START The data

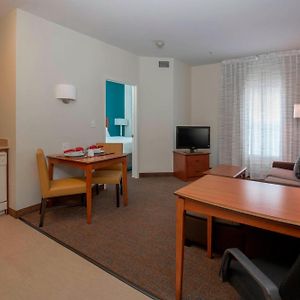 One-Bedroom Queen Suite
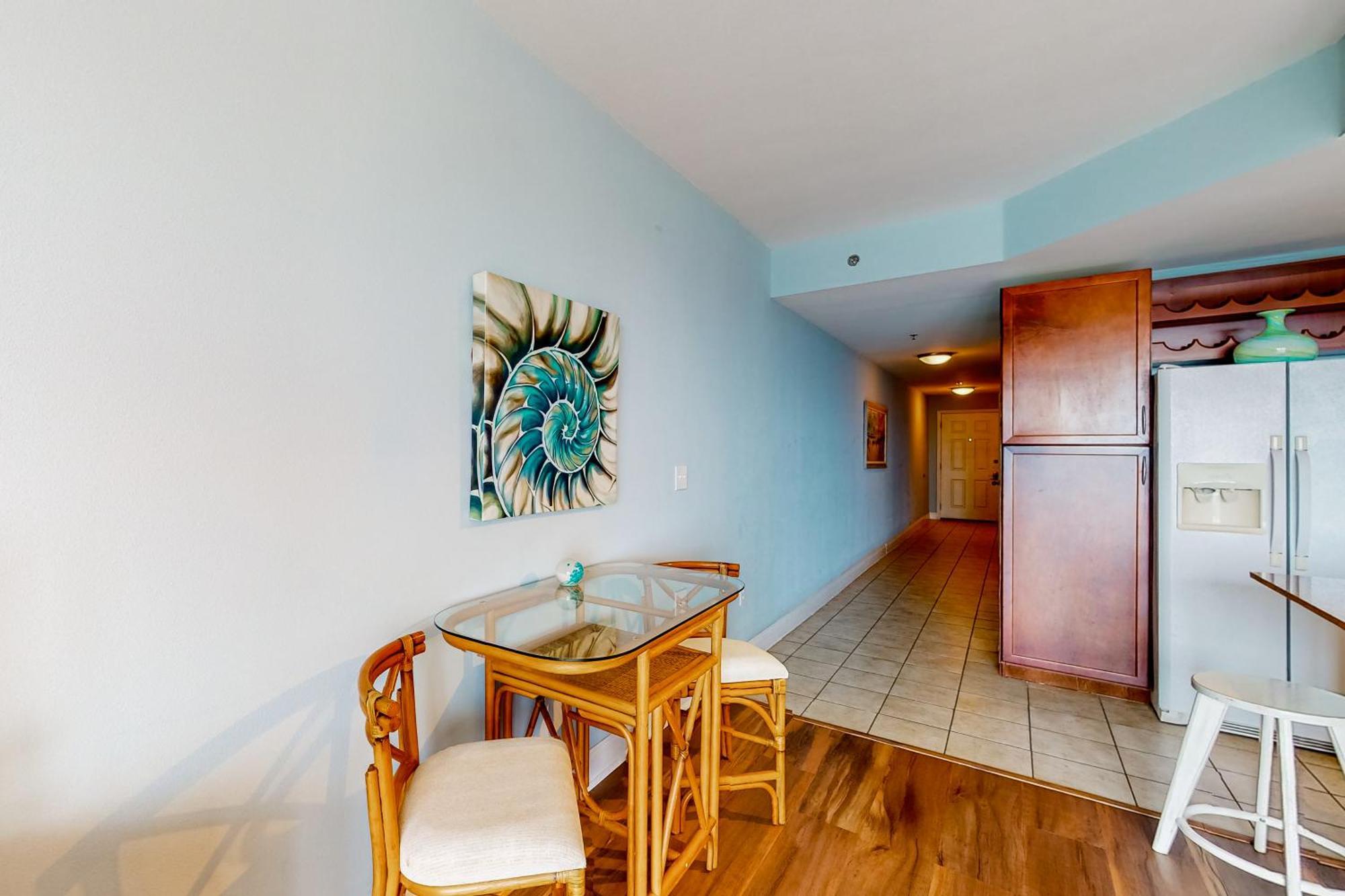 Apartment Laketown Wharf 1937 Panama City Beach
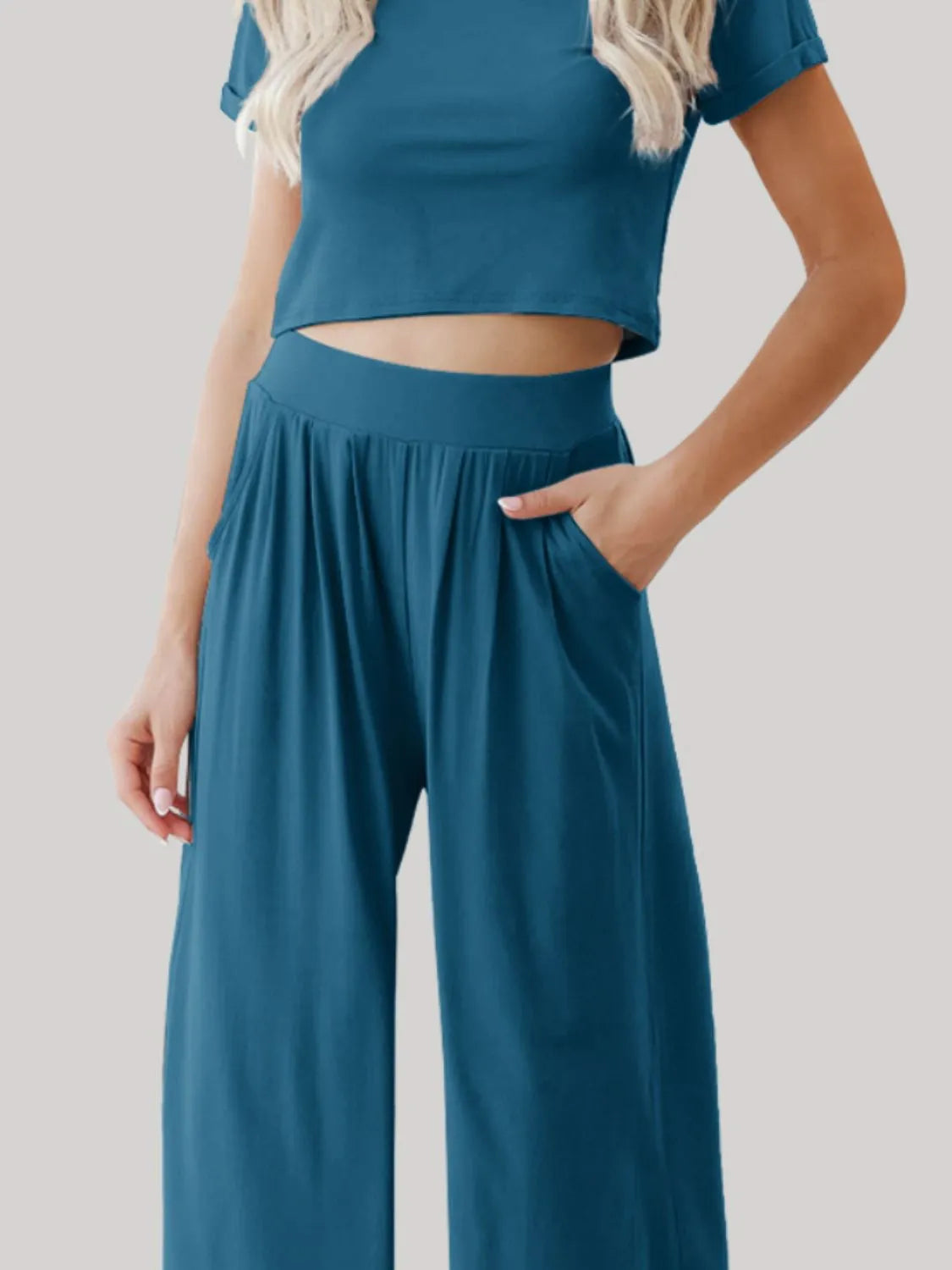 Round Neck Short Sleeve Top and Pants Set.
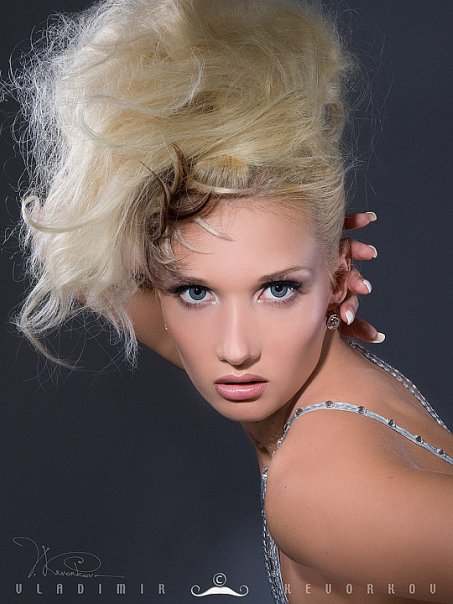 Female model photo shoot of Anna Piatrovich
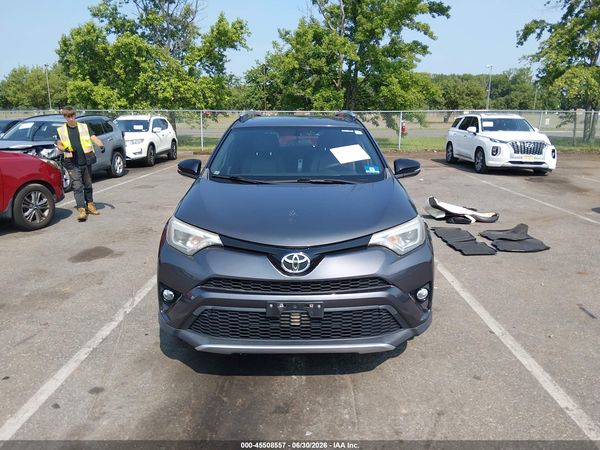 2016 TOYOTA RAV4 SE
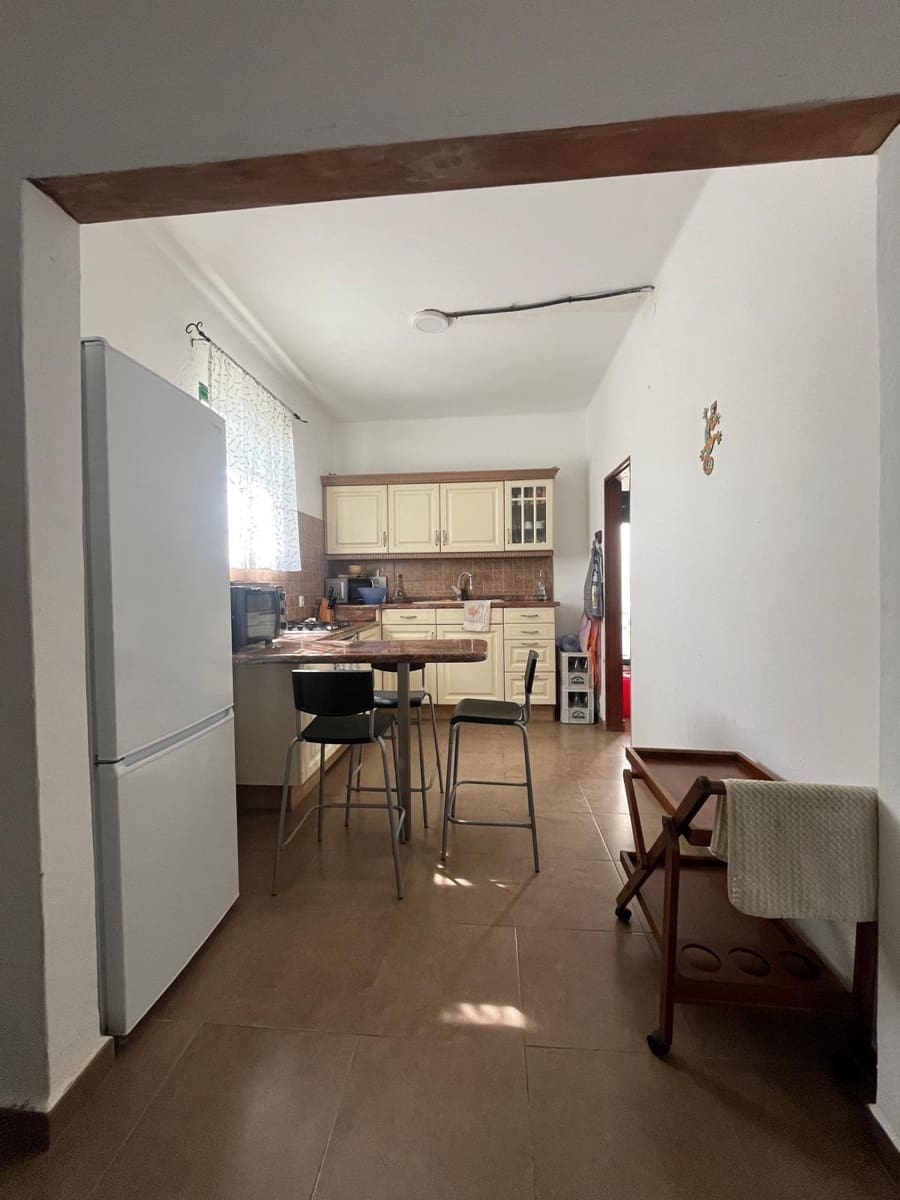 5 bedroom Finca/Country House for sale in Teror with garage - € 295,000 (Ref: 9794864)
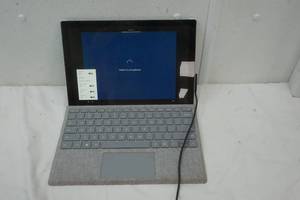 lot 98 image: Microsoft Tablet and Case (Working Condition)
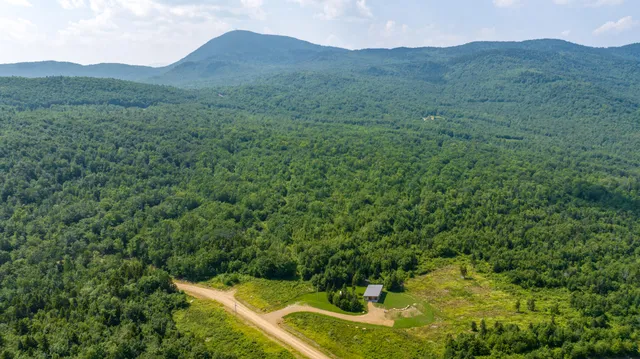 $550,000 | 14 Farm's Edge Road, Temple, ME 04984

END The data

Exercise prompt: Only the lines from the one holding "Female model photo shoot of Anna Piatrovich" through the end of the data are to be printed, exactly as they stand and with no pictures.

Response below:
 Female model photo shoot of Anna Piatrovich
 2016 TOYOTA RAV4 SE
 5 bedroom Finca/Country House for sale in Teror with garage - € 295,000 (Ref: 9794864)
 lot 98 image: Microsoft Tablet and Case (Working Condition)
 $550,000 | 14 Farm's Edge Road, Temple, ME 04984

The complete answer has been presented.